A retrospective review of patients with anaplastic thyroid carcinoma (n = 47) who underwent external beam radiotherapy from 1983 to 2004 was conducted. Twenty-three patients underwent radical radiotherapy with a radiation dose >40 Gy, and 24 patients underwent palliative radiotherapy with a dose ≤40 Gy. Of radical radiotherapy, radiation was given with once-daily (14 patients) or twice-daily fractionation (9 patients; 1.5 Gy per fraction) to a total dose of 45–66 Gy. Most patients (37 patients; 78.7%) were followed to death.

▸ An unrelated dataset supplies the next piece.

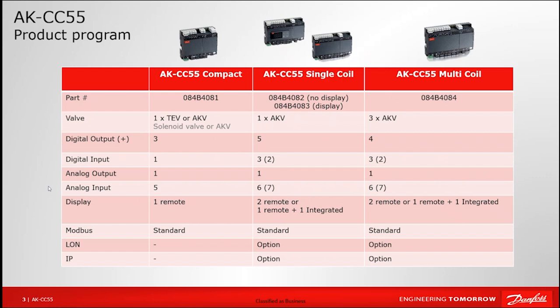For communication, all units have Modbus built in, as shown towards the bottom of the chart, so no extra accessories or hardware are required to link over Modbus to the case controllers. There are optional accessory cards that can be added for Echelon communication. As we move toward IP-based communication, accessory cards are already available for the single-coil and multi-coil options for that type of communication as well.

The 6-month local progression-free rate in patients who underwent radical radiotherapy was 94.1%, significantly higher compared with palliative radiotherapy (64.6%; P = .02). The median actuarial overall survival was greater in patients with radical radiotherapy (11.1 months) compared with palliative radiotherapy (3.2 months; P < .0001). The median overall survival in patients with twice-daily fractionation (13.6 months) was 3.3 months longer than patients treated with once-daily fractionation (10.3 months), but the difference was not statistically significant (P = .3). For patients treated with twice-daily fractionation, 3 patients had Grade 3 acute skin toxicity, and no patient had Grade 3 or higher esophageal toxicity.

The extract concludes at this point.